Behind the numerical growth is a quiet transformation in the R&D paradigm. In the past, pediatric drug R&D was often viewed as an "appendage to adult medications," with weak motivation, high difficulty, and a small market. Today, five years of consecutive growth indicates that the momentum from the enterprise side has truly been activated. This is not just the result of "green lights" in approval but also signifies that R&D project planning is now starting earlier. Innovations in dosage forms tailored to children's physiological characteristics (such as oral solutions, granules, patches, etc.) and optimizations in specifications have become key focus areas. A virtuous cycle is taking shape: policy encouragement has created market expectations, market expectations have guided R&D investment, and approved products, in turn, demonstrate the effectiveness of policies and market potential. This marks a shift in China's pediatric drug industry from passive supplementation to proactive development.

However, the figure of 138 should prompt us to look beyond relief and engage in more sober reflection.
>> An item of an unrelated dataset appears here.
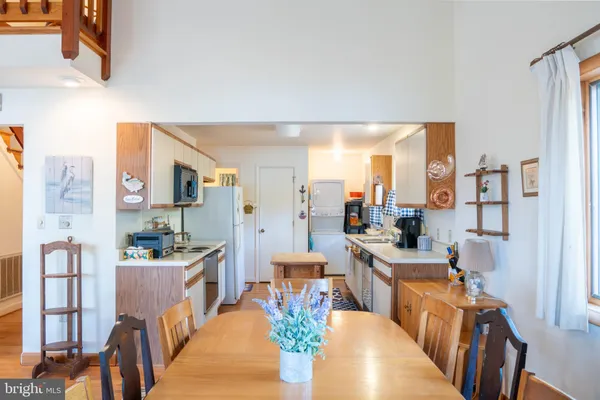 a very nice looking living room with kitchen and furniture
First, does the growth in numbers equate to improved "accessibility" and "equity"? Whether new drugs can smoothly enter hospital pharmacies, whether prices are within the reach of patients' families, and whether medical insurance reimbursement is seamless—these "last-mile" issues are equally critical. If new drugs gather dust after approval, the improvement in patients' experiences will remain limited. Second, structural issues in growth deserve attention. Is the growth concentrated in common and frequently occurring diseases, or are there breakthroughs in more urgent areas like rare diseases and tumors? Do the dosage forms cover the nuanced needs of different age groups, from newborns to adolescents? True "problem-solving" requires not only quantity but also high-quality, precise, and full-chain coverage.
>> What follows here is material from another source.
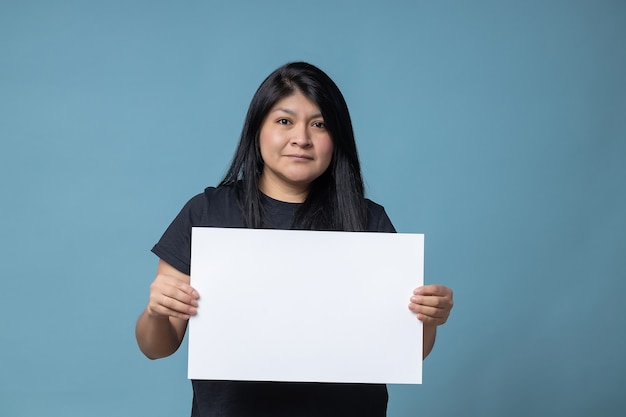 Jouw tekst hier. Mexicaanse Latijnse vrouw met leeg leeg bord. Studio portret met blauwe achtergrond.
In the long run, this "historic high" should not be the endpoint but a normalized starting point. Ensuring access to pediatric medications is a systematic project that tests not only regulatory wisdom but also the maturity of the industrial ecosystem, the coordination capabilities of the healthcare system, and sustained investment of social resources. From "splitting pills for dosing" to "tailoring treatments," this path of transformation is already on the fast track. Only when the growth in approval numbers gradually translates into tangible safety and efficacy in children's medicine cabinets can we say that this long-standing difficulty is truly being overcome. In the future, we need to measure and promote this vital public health endeavor from the dimensions of "whether it exists" to "whether it is good" and "whether it is accessible."